Comments (8)
Based on the discussion yesterday, one option is to introduce a compiler debug mode, where we send each intermediate tensor value back to the host. The tensor program will look like:
let x = foo(...)
sendToHost(x)
let y = bar(x, ...)
sendToHost(y)
...
TFGraphLowering threads the effectful ops (sendToHost is implemented via TF mechanisms FifoEnqueue / send / outfeed depending on the TF device, and is an effectful op) via control dependency, and makes sure they run before we return from the function. So in this example, sendToHost(x)
will run before sendToHost(y)
, which will in turn run before the function returns.
sendToHost(x)
and let y = bar(x, ...)
can run in parallel, as expected. This allows TF execution to not get blocked on the sends, and yet host should receive the tensors fairly quickly due to the scheduling and bounded queuing in the TF impl. For example, when x
and y
are both sent out of TPU via outfeed, outfeed is a bounded-size queue, so TPU execution will get blocked by the consumer of the outfeed queue at some point, if TPU runs ahead and keeps producing new values into the outfeed queue.
As such, we probably do not need to introduce another "barrier" that forces sendToHost(x)
to run before let y = bar(x, ...)
, but if needed we can introduce such an explicit programming construct.
from swift.
Even in the eager execution mode, we're really waiting for each individual asynchronous operation to complete.

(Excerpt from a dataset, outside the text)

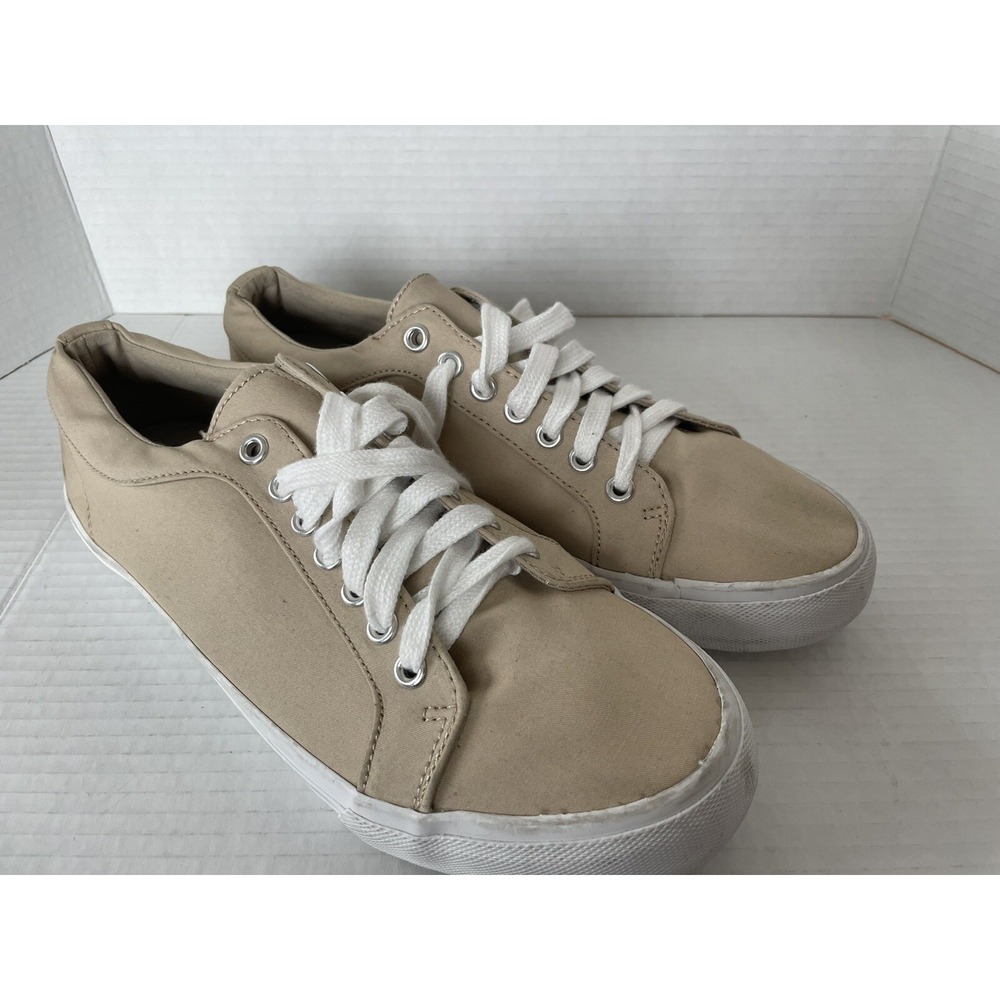 Urban Outfitters Size 8 Khaki Ortholite Canvas Lace Up Mens Sneakers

Yes, but that feels like an implementation detail to me. The actual behavior and the user expectation in eager execution are still sync-per-statement.
But to keep the program synced when necessary we would need some form of wait/callback so we know operations have completed.
Agreed. That's something we can start with. When too many users complain about debuggability, we can then evaluate whether debug mode should expose the same behavior as eager execution.
from swift.
I looked at a somewhat simplified test case:
import TensorFlow
var x = Tensor<Float>(1.0)
x += x
print("interlude")
x += x
let _ = x.array
Confirmed that while host is running the tensor program in a separate thread, it does print("interlude") right away. Some options I can think of are:
-
Introduce a special form of print/debug which compiler understands, and will schedule it properly w.r.t. tensor statements. One example is to recommend that user use a TF op for printing (https://github.com/tensorflow/tensorflow/blob/9054c9b2ac303cbd1538166d0821f389cbc75894/tensorflow/core/ops/logging_ops.cc#L30). We can also teach compiler to special case on the swift print() function, though that seems brittle.
-
Introduce a special compilation mode (or use the debug mode), where compiler turns each tensor statement into a TF graph. This leads to TF eager style execution, and provides "per-statement debugging" support as in lldb (https://groups.google.com/a/tensorflow.org/d/msg/swift/ZAtPx-R4Dc4/23FLmTXQAwAJ).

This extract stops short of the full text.